兵役の英語がmilitary serviceつまりサービスです。英語のサービスは意味が広く、教会のミサなどもserviceといいます。徴兵は一般にはdraftドラフトです。野球のドラフトと同じ単語です。ビールのドラフトも同じ語です。正式にはconscriptionまたはenlistmentといいます。Enlistmentとは兵籍つまり籍にのることを意味します。またrecruitリクルートとは新兵募集のことです。
全体的に兵役は一種の職業と考えられているのが世界の主流です。実際、日本でも戦前は軍人は職業の1つでした。一般には、軍事と教育は不可分になっていて、幼年学校、士官学校、陸軍大学のような教育を卒業した人がエリートとして職業軍人になります。一方、徴兵制度のある国では一定期間軍務についた後、除隊して社会人になります。軍務についている間にさまざまな技術を習得するので、免許や資格をとることができ、国家的な職業訓練になっている国が多いのです。また仕事がない国、就職率が低い国では、失業対策のような側面もあります。
軍というと、日本ではすぐに戦争の道具というイメージですが、いつも戦争しているわけでなく、平和な時代には軍は何しているのでしょうか。当然、戦争に備えての軍事訓練ということになりますが、この軍事訓練は幅が広いのです。現代であれば、電子技術の習得や語学訓練、スポーツなどがあります。とくに格闘技は軍事教練の一環という見方が一般的です。それがmartial artsマーシャル・アーツを日本語訳すると武芸というのが一番しっくりきます。外国人から見ると、日本の学校の運動会は軍事訓練と映るようです。入場行進は分隊行進と同じです。日本人は一斉に揃って行進することはなんでもないことなのですが、外国ではこれができないので、軍事訓練の第一歩が行進なのです。そして赤組と白組に分かれて競技を競うのは源平合戦以来の伝統です。ラジオ体操は競技前の準備運動です。そして何より、男子の詰襟は軍服、女子のセーラー服は海兵の制服です。今は可愛いブレザーとミニスカートが広がり、それが欧米では珍しいので流行っています。小学生のランドセルは兵隊の背嚢(ランセル)が元です。昔は男女で色も分けられていました。今は、色は自由になっています。こうした学校教育事情を外国人の目で見ると、日本は軍がないことになっていますが、実際には職業軍人である自衛隊があり、学校では軍事教練が行われているので、潜在的軍備ができている、ということになります。

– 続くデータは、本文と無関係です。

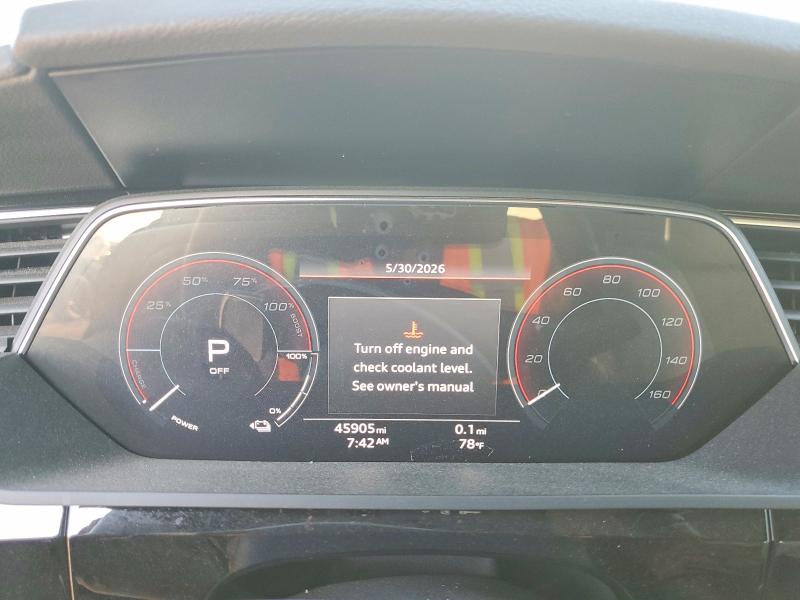 2022 Audi E-tron VIN WA1AAAGE6NB012586 COPART salvage auction — WATER/FLOOD, Id - Salvage Certificate Of Title, sold $10,400 on 2026-08-14 (photo 9)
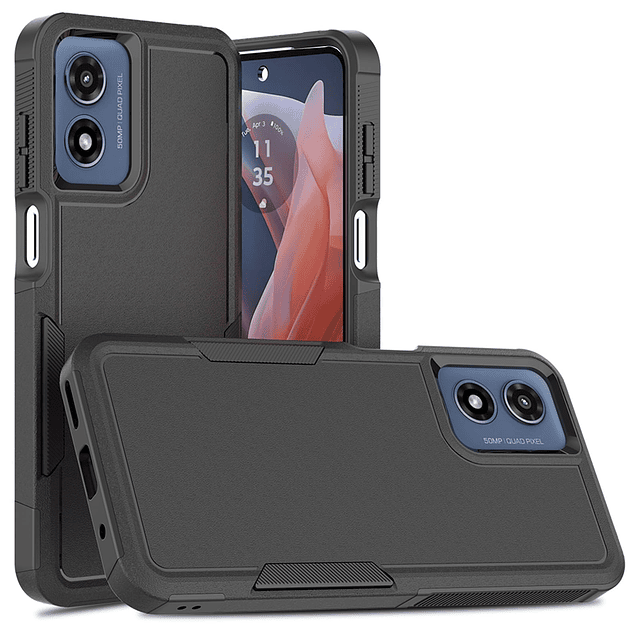 Funda para Moto G Play 2024: Funda protectora de doble capa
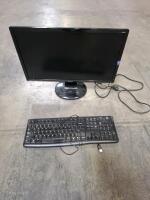 Acer & Dell 22"-24" Monitors Bundle, 1920x1080 LED, 3 Wired Keyboards, Power Cables Included - 4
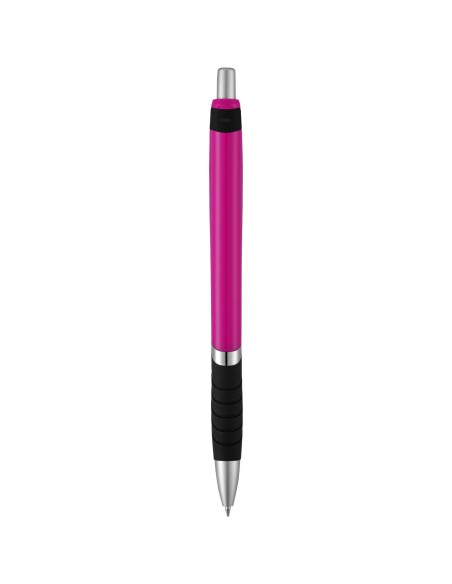 Bolígrafo de color liso con empuñadura de goma "Turbo"
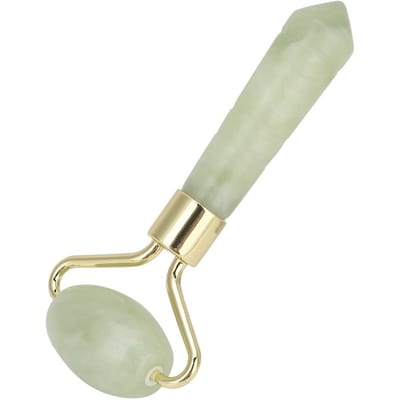 Jade Roller Gezichtsmassager Huidverstrakking Lifting Anti-rimpel Gezichtsmasseerinstrument beige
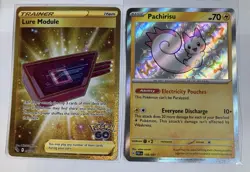 Iono's Bellibolt EX 188/159 Lure Module SECRET Pokemon Go Pachirisu Shiny Lot - Image 3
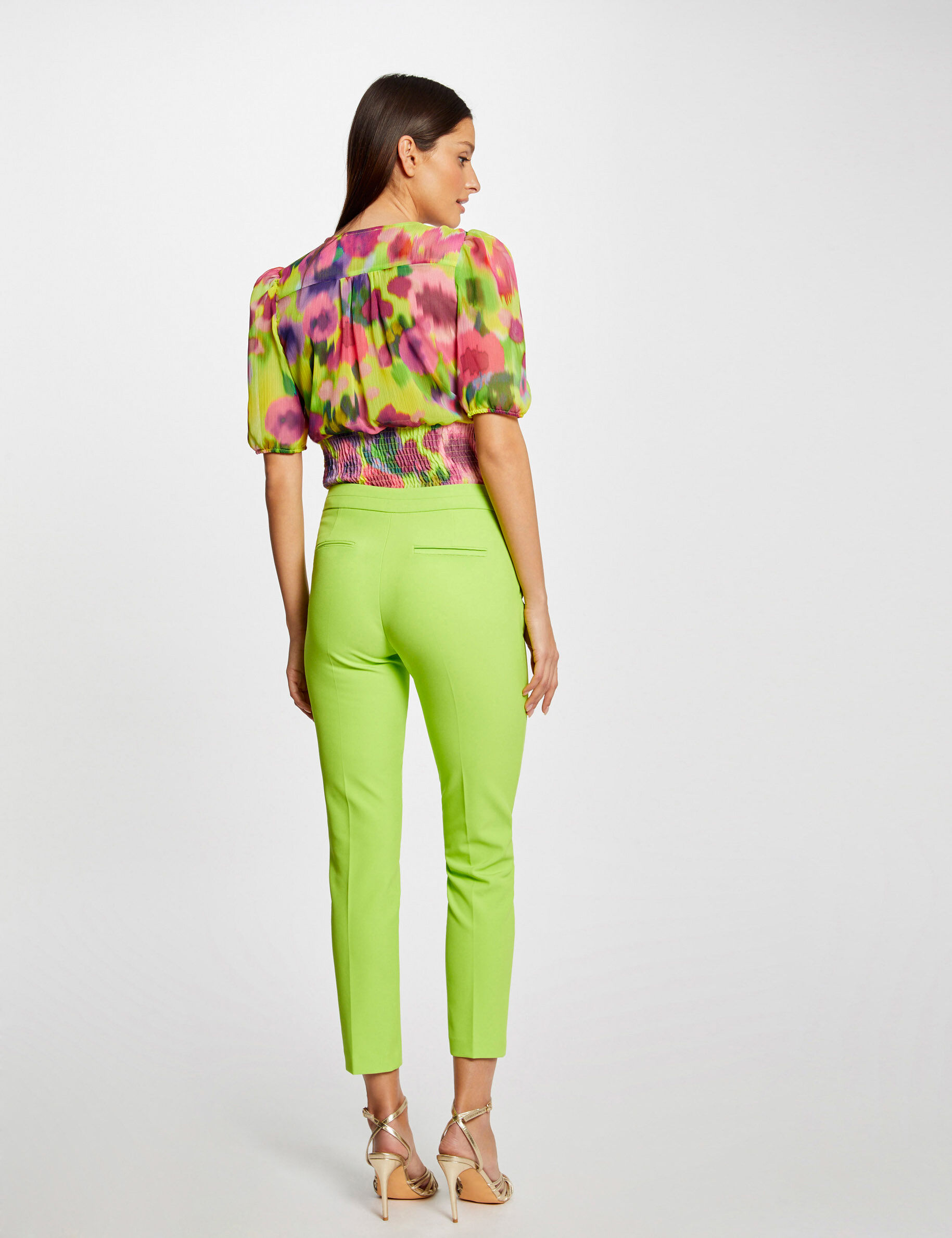 QRious Regular Fit Women Green Trousers  Buy QRious Regular Fit Women Green  Trousers Online at Best Prices in India  Flipkartcom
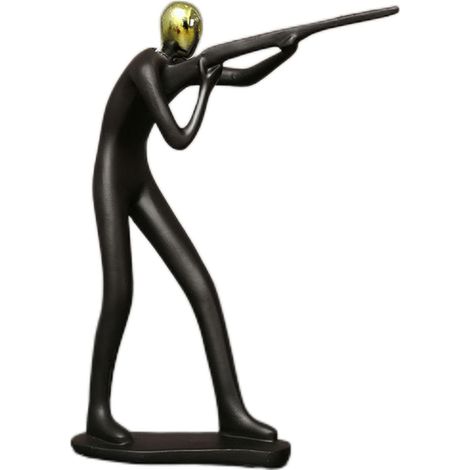 Sculpture unique d'un athlète pour la décoration intérieure ornement maison (1/5)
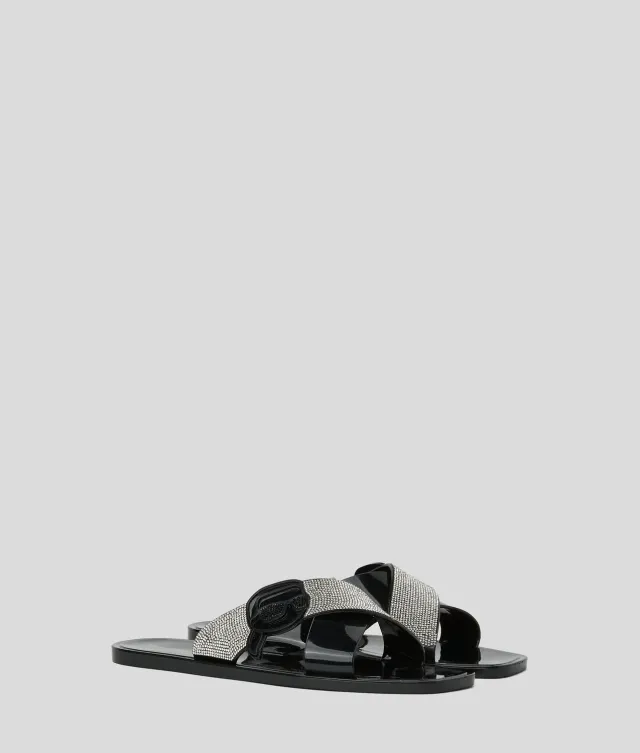 Karl Lagerfeld Ikon NFT Jelly Sandale Strass Gr. 4-10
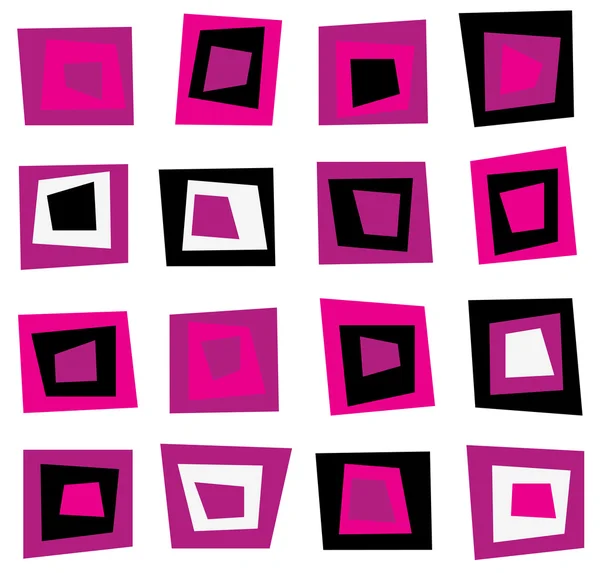 stock vector Retro seamless background or pattern with pink squares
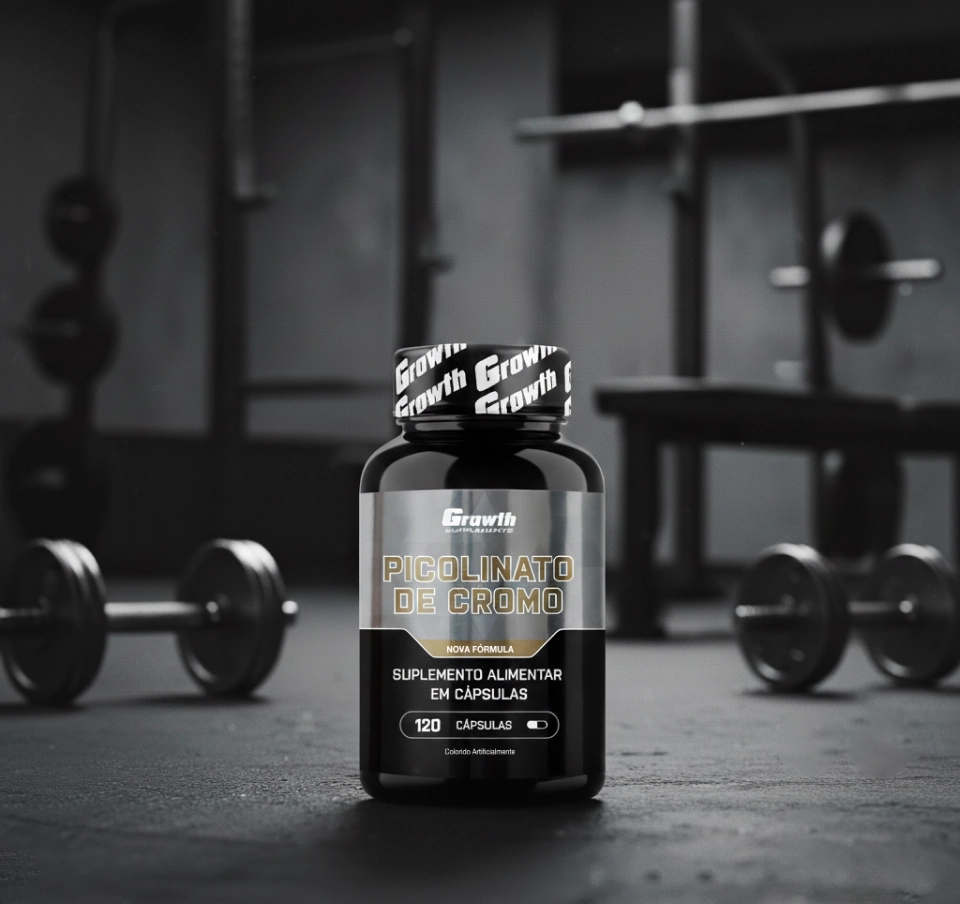 GROWTH SUPPLEMENTS - EMBALAGEM DO PICOLINATO DE CROMO 120CAPS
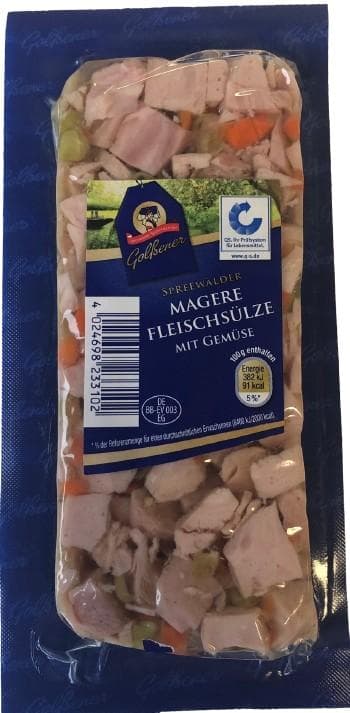 Golßen lean meat jelly with vegetables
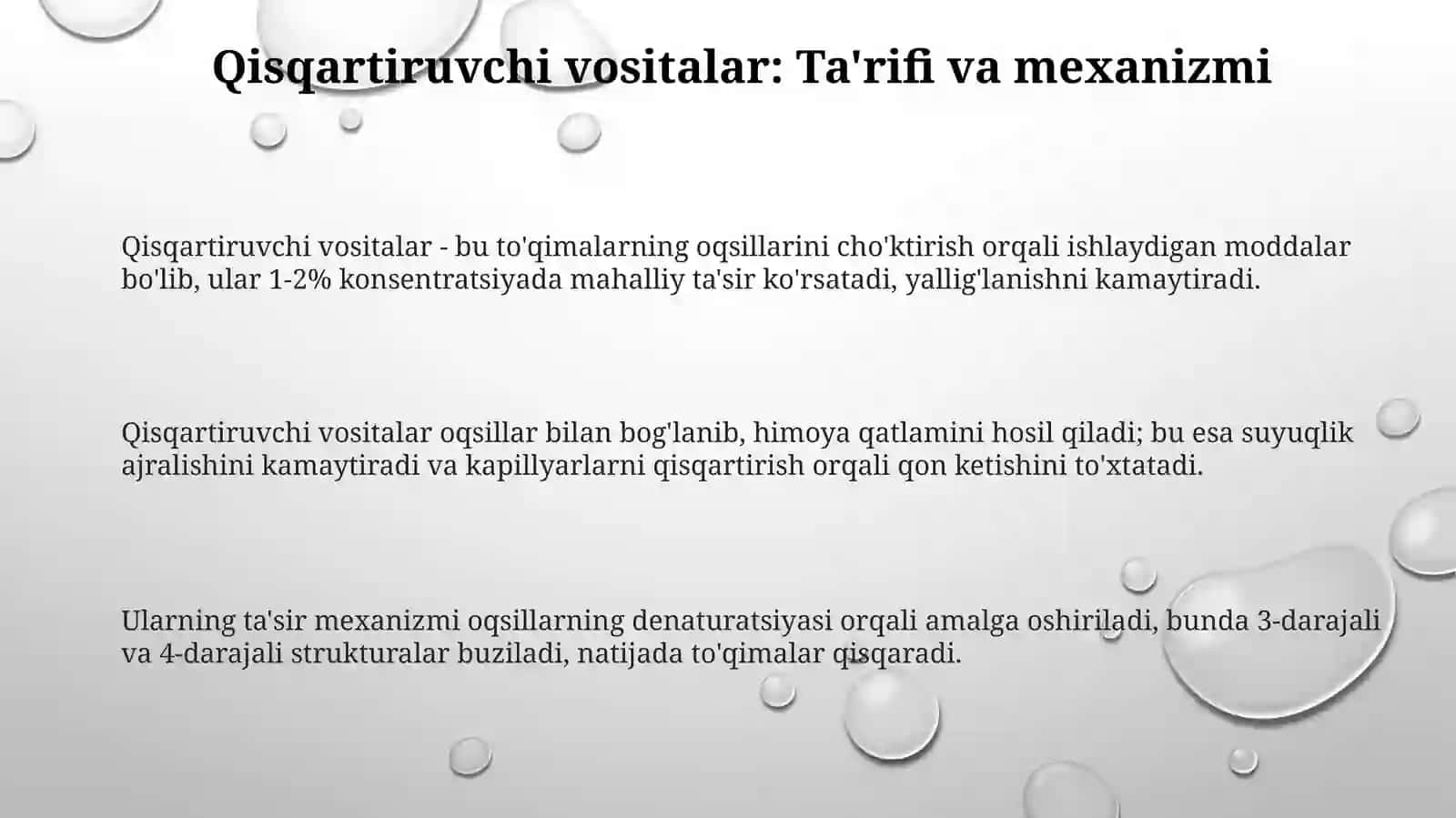 Qisqartiruvchi va O'rab Oluvchi Vositalar 3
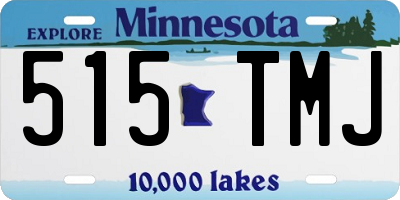 MN license plate 515TMJ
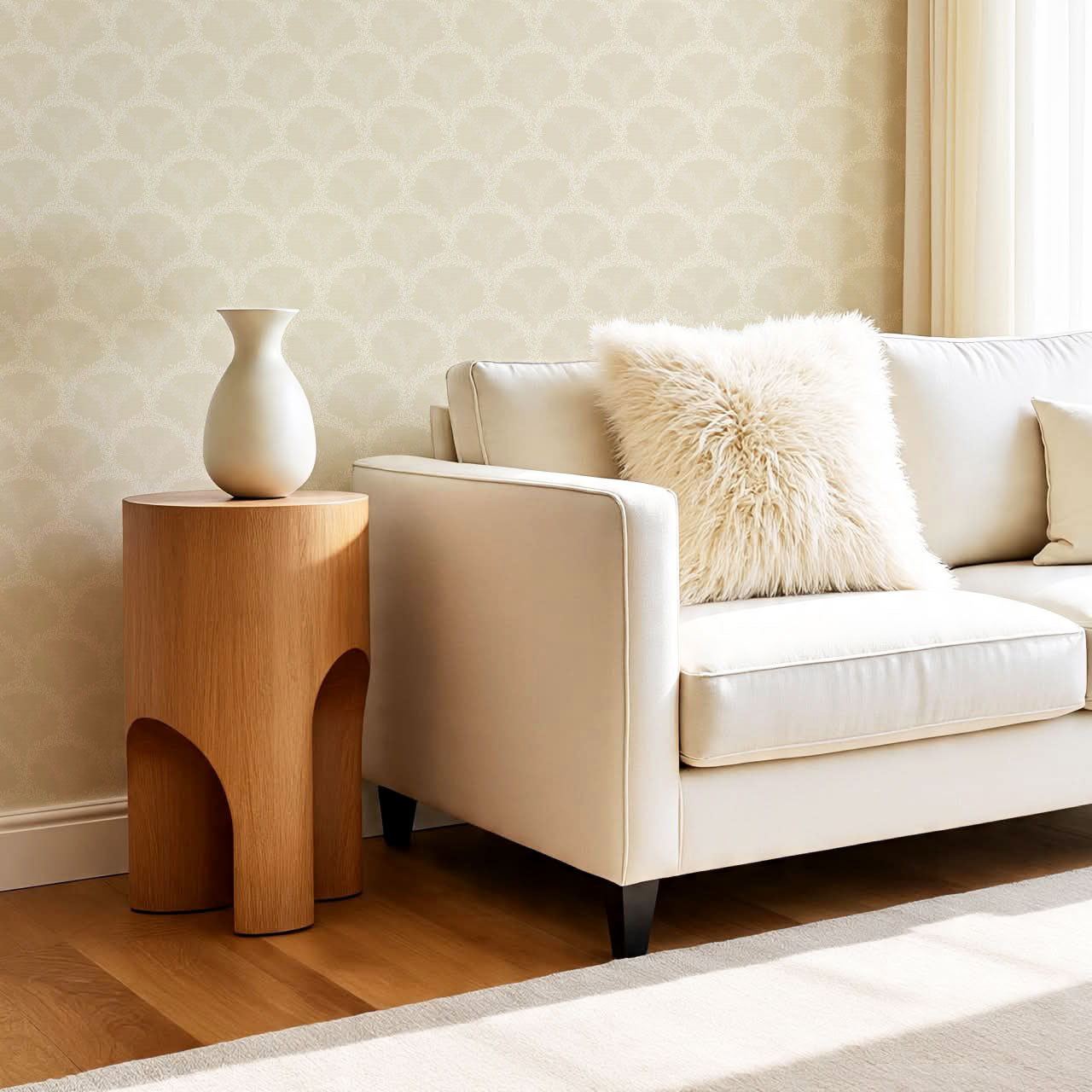 Jianna Garden Nest Warm Cream Wallpaper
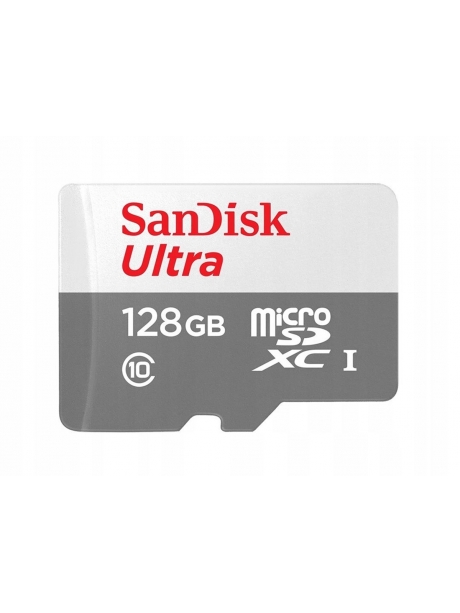 карта памяти SanDisk 128GB microSDXC Cl10 Ultra UHS-I 100Mb/s без адаптера 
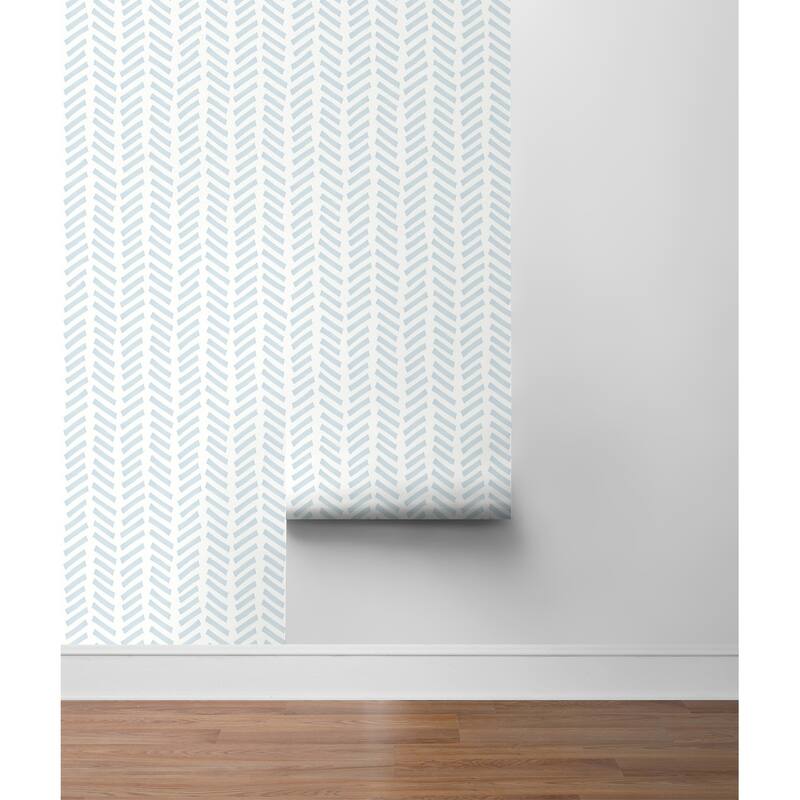 NextWall Mod Chevron Peel and Stick Wallpaper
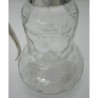 Charming James Dixon & Son Silver claret Jug with Flat Hinged Lid
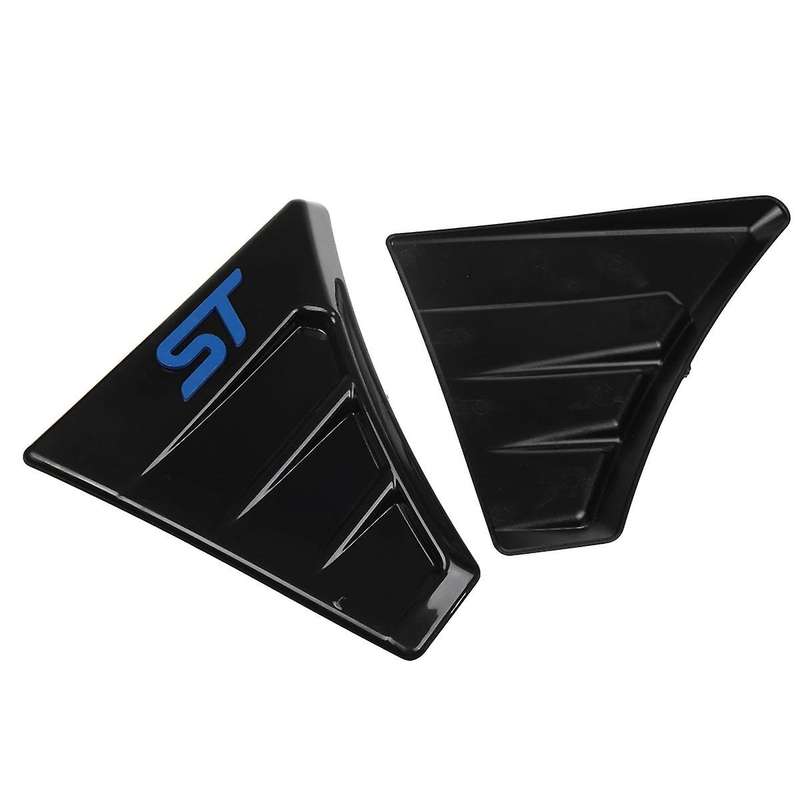 ST Style Car Side Vent Spoiler Outflow Vent Side Vent Air Flow Wing Cover Trim for Focus MK3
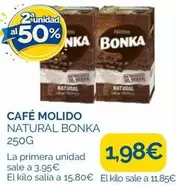 Nestlé - Café Molido Natural Bonka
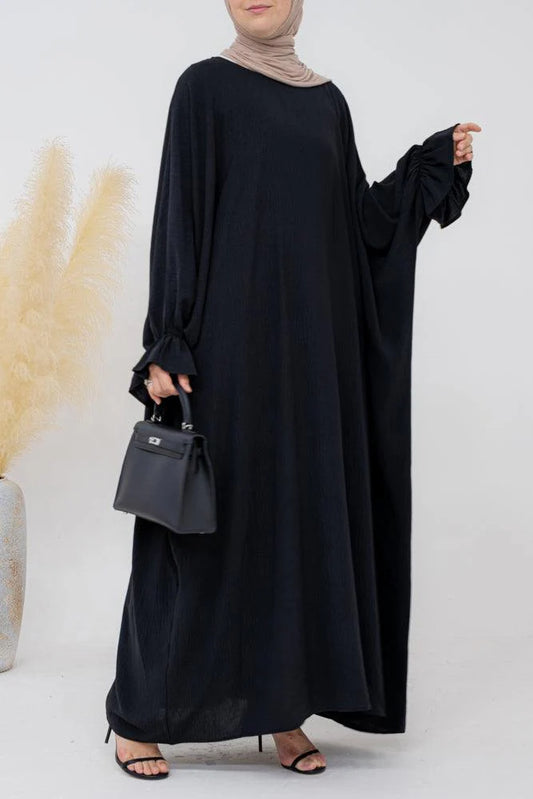 Classic Black Batwing Abaya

宇宙開発は当然、軍事ですし、災害救助や治安維持も軍事(軍の仕事)です。日本学術会議は軍事研究を禁止していますが、実際、科学と軍事研究の分離は不可能です。日本では福祉は軍事の対極のように考えられていますが、諸外国では傷病兵の復員後の支援のことです。いわゆる障碍者の圧倒的多数が傷痍軍人で、パラリンピックも傷痍軍人のリハビリがスタートでした。日本人がタテマエで軍がないと主張しても、外国はそうは見ていない、ということを知っておく必要があります。そうでないと日本はズルい国ということになってしまいます。